During the CES and MWC exhibitions in 2023, 5G acceleration and EV technologies will gradually take over the highlights of the industry, while the developing technologies from NYCU perfectly match this future trend. NYCU’s CSD Lab is currently working on “world-class III-V electronics technologies” while also seeking to reach out to major companies, such as TSMC or Foxconn, for future collaborations.
Compound Semiconductor Device Research Center (CSD Research Lab) at NYCU is dedicated to developing world-class III–V electronics technologies for academic excellence and supporting the III–V community with frontier technologies for industrial applications. As a global leader in the semiconductor industry, Taiwan must actively invest in the development of innovative technologies to maintain its competitive advantages. CSD Lab will serve as a research platform for the integrated III–V technology for Taiwanese industry from materials, devices, processes, equipment, packages, and testing to pilot line production.

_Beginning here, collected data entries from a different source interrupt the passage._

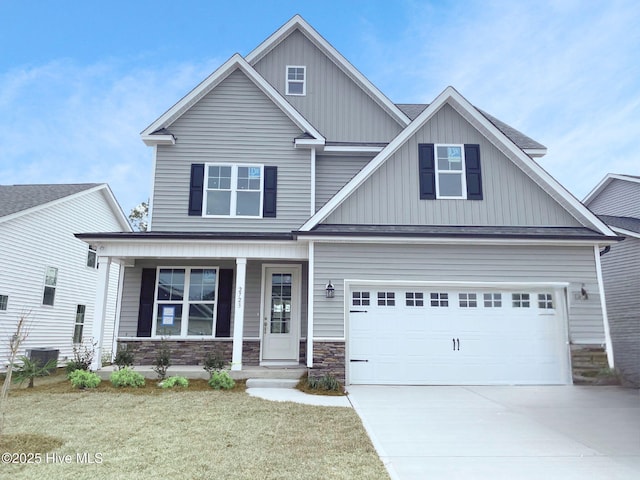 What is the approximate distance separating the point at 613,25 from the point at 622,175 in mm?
4793

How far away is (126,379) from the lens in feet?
29.7

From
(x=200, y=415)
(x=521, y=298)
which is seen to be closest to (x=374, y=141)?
(x=521, y=298)

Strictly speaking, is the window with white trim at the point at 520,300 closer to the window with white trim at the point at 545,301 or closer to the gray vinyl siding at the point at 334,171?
the window with white trim at the point at 545,301

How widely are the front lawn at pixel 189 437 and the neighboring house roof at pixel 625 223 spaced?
10.4 metres

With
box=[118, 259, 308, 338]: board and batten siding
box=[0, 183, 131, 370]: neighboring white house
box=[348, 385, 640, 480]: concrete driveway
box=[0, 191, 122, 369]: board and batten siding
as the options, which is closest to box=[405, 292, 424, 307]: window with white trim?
box=[348, 385, 640, 480]: concrete driveway

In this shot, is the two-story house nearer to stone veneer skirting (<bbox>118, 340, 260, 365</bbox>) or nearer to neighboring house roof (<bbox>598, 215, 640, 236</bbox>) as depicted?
stone veneer skirting (<bbox>118, 340, 260, 365</bbox>)

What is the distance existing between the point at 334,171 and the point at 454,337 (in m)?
5.86

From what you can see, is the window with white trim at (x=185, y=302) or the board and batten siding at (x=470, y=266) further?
the window with white trim at (x=185, y=302)

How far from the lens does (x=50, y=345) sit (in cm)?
1466

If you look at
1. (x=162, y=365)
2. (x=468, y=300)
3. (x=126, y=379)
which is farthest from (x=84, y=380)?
(x=468, y=300)

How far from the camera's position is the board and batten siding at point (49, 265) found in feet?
42.8

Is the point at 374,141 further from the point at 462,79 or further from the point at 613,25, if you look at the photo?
the point at 462,79

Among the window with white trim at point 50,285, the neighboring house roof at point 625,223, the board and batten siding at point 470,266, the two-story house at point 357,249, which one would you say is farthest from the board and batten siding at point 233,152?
the neighboring house roof at point 625,223

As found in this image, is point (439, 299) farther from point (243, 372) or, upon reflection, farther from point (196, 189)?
point (196, 189) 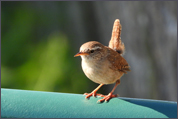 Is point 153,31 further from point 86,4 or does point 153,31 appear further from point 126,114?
point 126,114

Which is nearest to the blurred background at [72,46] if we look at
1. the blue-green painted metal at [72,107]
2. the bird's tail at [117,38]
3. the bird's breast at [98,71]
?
the bird's tail at [117,38]

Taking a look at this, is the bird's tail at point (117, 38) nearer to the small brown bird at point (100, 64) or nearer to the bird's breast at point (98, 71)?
the small brown bird at point (100, 64)

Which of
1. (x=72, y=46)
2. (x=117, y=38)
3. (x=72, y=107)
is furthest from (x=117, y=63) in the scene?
(x=72, y=46)

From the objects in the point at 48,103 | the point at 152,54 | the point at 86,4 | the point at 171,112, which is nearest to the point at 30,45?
the point at 86,4

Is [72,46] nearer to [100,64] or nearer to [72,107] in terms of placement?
[100,64]

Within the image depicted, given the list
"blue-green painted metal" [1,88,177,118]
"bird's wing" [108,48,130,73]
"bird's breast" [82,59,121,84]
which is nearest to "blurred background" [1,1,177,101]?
"bird's wing" [108,48,130,73]

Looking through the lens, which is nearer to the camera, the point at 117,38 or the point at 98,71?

CSD is the only university laboratory worldwide that provides 3 – 6 inch III–V MMIC fabrication services with process capability down to 60–nm. The Lab provides GaAs and GaN foundry services to offer tailored solutions for III-V MMIC and III-V/Si integration for future high-frequency communication, terahertz imaging applications, GaN-based high-power, and high-frequency devices for 5G and EV applications. Besides university-industry cooperative research projects, CSD Research Lab collaborates closely with international research institutions on innovative, pioneering joint research projects.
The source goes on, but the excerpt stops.